SAGE can be separated into three parts, depending on whether the computation and data access is source-centric or child-centric.

// Part1: Select the children
For each source in local batch:
Select num_children_per_source children form source's neighbors;
Send <source, child> pairs to host_GPU(child);

// Part2: Child-centric computation
For each received <source, child> pair:
child_feature = feature[child];
send child_feature to host_GPU(source);

feature_sums := {0};
For i from 1 to num_leaves_per_child:
Select a leaf from child's neighbors;
leaves_feature += feature[leaf];
child_temp = L2_normalize( concatenate(
feature[child] * Wf1, leaves_feature * Wa1));
send child_temp to host_GPU(source);

// Part3: Source-centric computation
For each source in local batch:
source_temp := L2_normalize( concatenate(
feature[source] * Wf1, children_feature * Wa1));

source_result := L2_normalize( concatenate(
source_temp * Wf2, children_temp * Wa2));


Assume the size of local batch is B, the number of children per source is C, the number of leaves per child is L, and the feature length per vertex is F. Dimensions of 2D matrices are noted as (x, y). The computation and communication costs for each part are:

Part 1, computation  : B x C.
Part 1, communication: B x C x 8 bytes.
Part 2, computation  : B x C x F + B x C x (F + L x F + F x (Wf1.y + Wa1.y)).
Part 2, communication: B x C x (F + Wf1.y + Wa1.y) x 4 bytes.
Part 3, computation  : B x (C x (F + Wf1.y + Wa1.y) + F x (Wf1.y + Wa1.y) +
(Wf1.y + Wa1.y) x (Wf2.y + Wa2.y)).
Part 3, communication: 0.


For Part 2's communication, if C is larger than about 2p, using AllReduce to sum up child_feature and child_temp for each source will cost less, at $B \times (F + \textrm{Wf1}.y + \textrm{Wa1}.y) \times 2p \times 4$ bytes.

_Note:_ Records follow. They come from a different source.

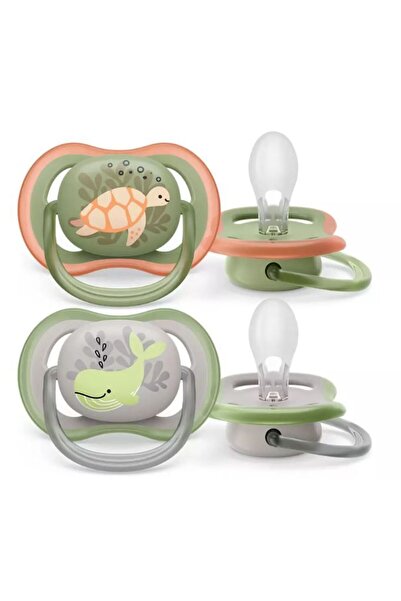 Philips Avent Avent Ultra Air Πιπίλα 6-18 μηνών Αγόρι Χελώνα-Φάλαινα (SCF085/60)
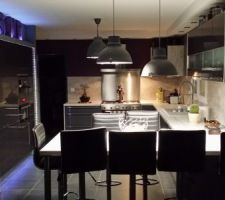 Crédence effet béton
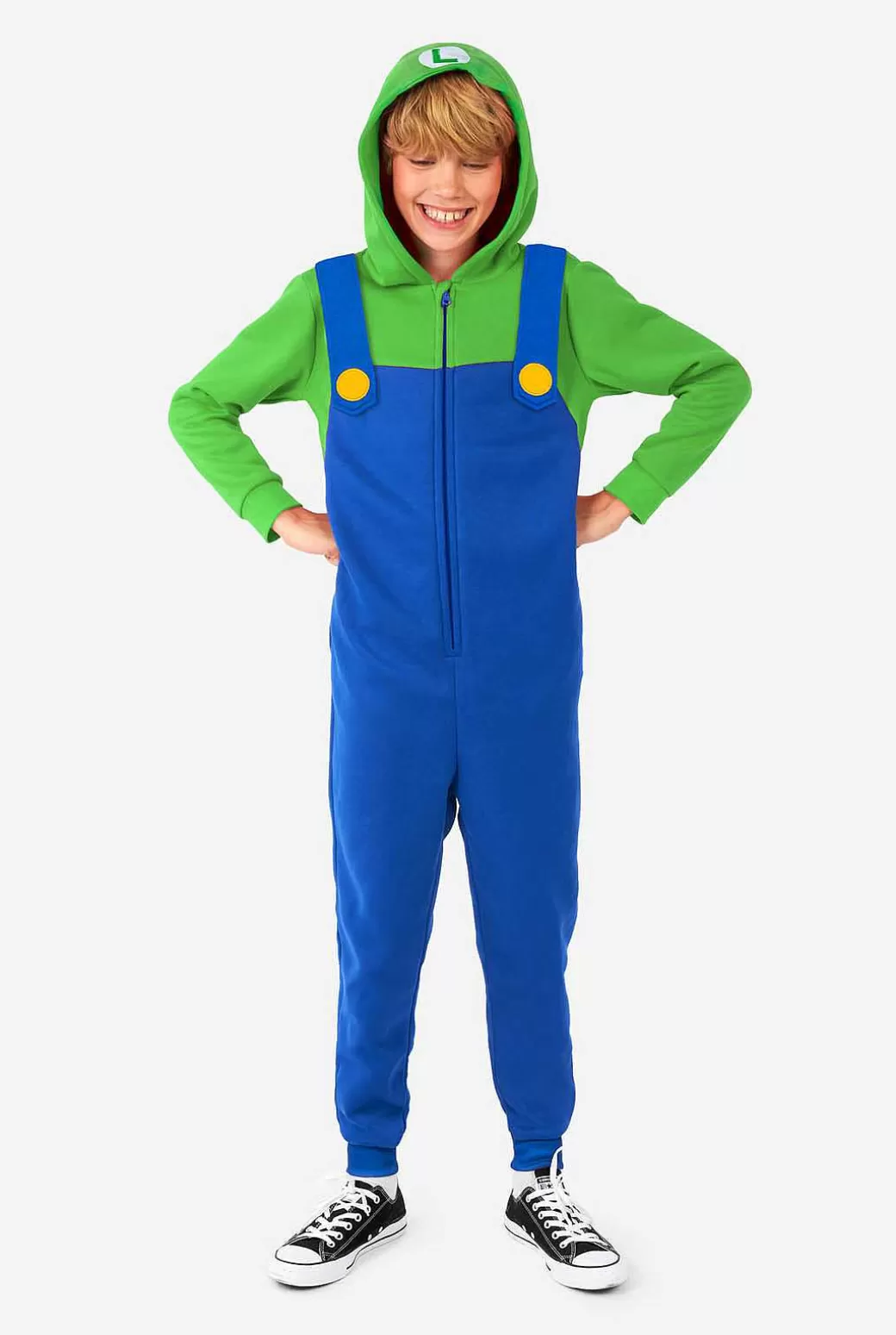 OppoSuits Super Mario Onesies^Luigi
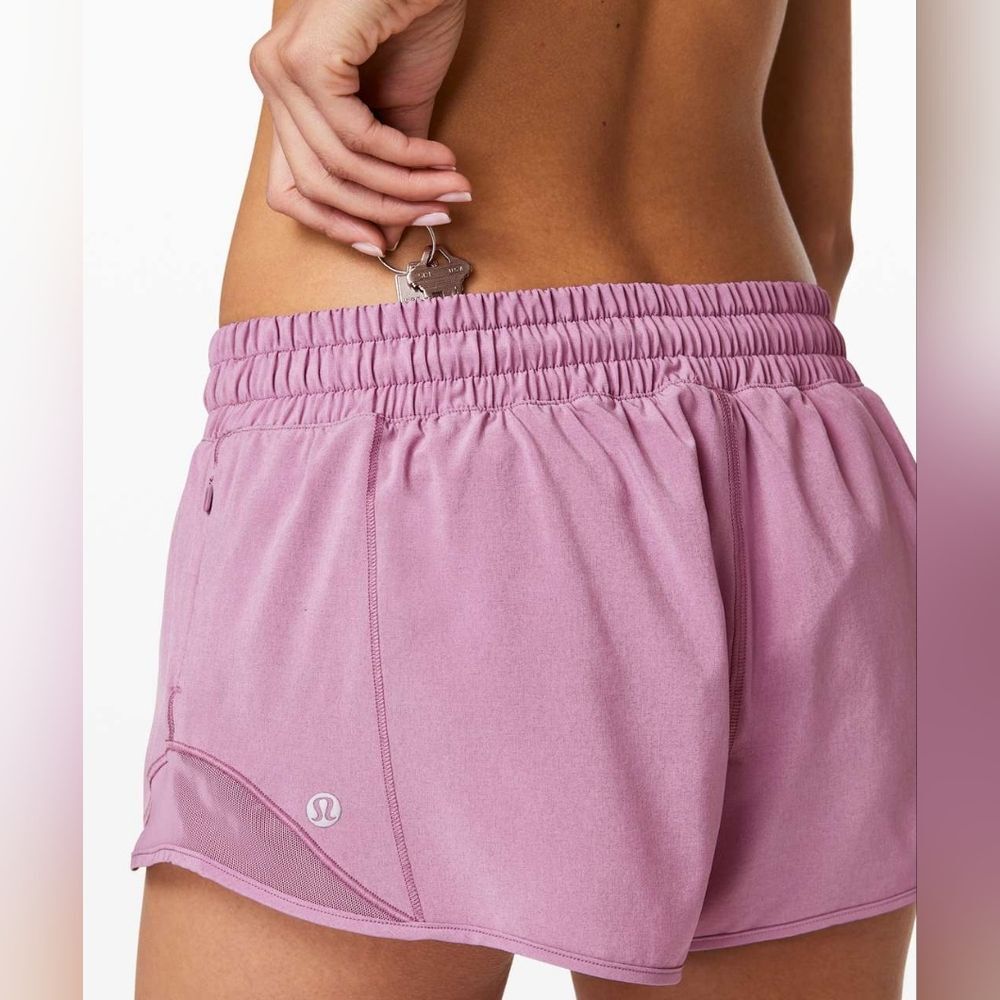 Lululemon Hotty Hot Short II 2.5" Jubilee Pink Purple Mauve Size 10 NWT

Summary of Graph SAGE multi-GPU scaling

Parts Computation cost Communication cost (Bytes) Comp. to comm. ratio Scalability
Feature duplication
Children selection $BC$ $8BC$ 1 : 8 Poor
Child-centric comp. $BCF \cdot (2 + L + \textrm{Wf1}.y + \textrm{Wa1}.y)$ $4B \cdot (F + \textrm{Wf1}.y + \textrm{Wa1}.y) \cdot \min(C, 2p)$ $\sim CF : \min(C, 2p) \cdot 4$ Good
Source-centric comp. $B \cdot (CF + (\textrm{Wf1}.y + \textrm{Wa1}.y) \cdot (C + F + \textrm{Wf2}.y + \textrm{Wa2}.y)$ 0 N.A. N.A.
Graph SAGE $B \cdot (C + 3CF + 3LCF + (\textrm{Wf1}.y + \textrm{Wa1}.y) \cdot (CF + C + F + \textrm{Wf2}.y + \textrm{Wa2}.y))$ $8BC + 4B \cdot (F + \textrm{Wf1}.y + \textrm{Wa1}.y) \cdot \min(C, 2p)$ at least $\sim CF : \min(C, 2p) \cdot 4$ Good
Direct feature access
Child-centric comp. $BCF \cdot (2 + L + \textrm{Wf1}.y + \textrm{Wa1}.y)$ $4B \cdot ((F + \textrm{Wf1}.y + \textrm{Wa1}.y) \cdot \min(C, 2p) + CLF)$ $\sim (2 + L + \textrm{Wf1}.y + \textrm{Wa1}.y) : 4L$ poor
Graph SAGE $B \cdot (C + 3CF + 3LCF + (\textrm{Wf1}.y + \textrm{Wa1}.y) \cdot (CF + C + F + \textrm{Wf2}.y + \textrm{Wa2}.y))$ $8BC + 4B \cdot (F + \textrm{Wf1}.y + \textrm{Wa1}.y) \cdot \min(C, 2p) + 4BCFL$ $\sim (2 + L + \textrm{Wf1}.y + \textrm{Wa1}.y) : 4L$ poor
Feature in UVM
Child-centric comp. $BCF \cdot (2 + L + \textrm{Wf1}.y + \textrm{Wa1}.y)$ $4B \cdot (F + \textrm{Wf1}.y + \textrm{Wa1}.y) \cdot \min(C, 2p)$ bytes over GPU-GPU + $4BCLF$ bytes over GPU-CPU $\sim (2 + L + \textrm{Wf1}.y + \textrm{ a1}.y) : 4L$ over GPU-CPU very poor
Graph SAGE $B \cdot (C + 3CF + 3LCF + (\textrm{Wf1}.y + \textrm{Wa1}.y) \cdot (CF + C + F + \textrm{Wf2}.y + \textrm{Wa2}.y))$ $8BC + 4B \cdot (F + \textrm{Wf1}.y + \textrm{Wa1}.y) \cdot \min(C, 2p)$ bytes over GPU-GPU + $4BCFL$ bytes over GPU-CPU $\sim (2 + L + \textrm{Wf1}.y + \textrm{Wa1}.y) : 4L$ over GPU-CPU very poor

When the number of features is at least several tens, the computation workload will be much more than communication, and SAGE should have good scalability. Implementation should be easy, as only simple p2p or AllReduce communication models are used. If memory usage is an issue, falling back to peer-access or UVM will result in very poor scalability; problem segmentation (i.e,. only process portion of the graph at a time) may be necessary to have a scalable implementation for large graphs, but that will be quite complex.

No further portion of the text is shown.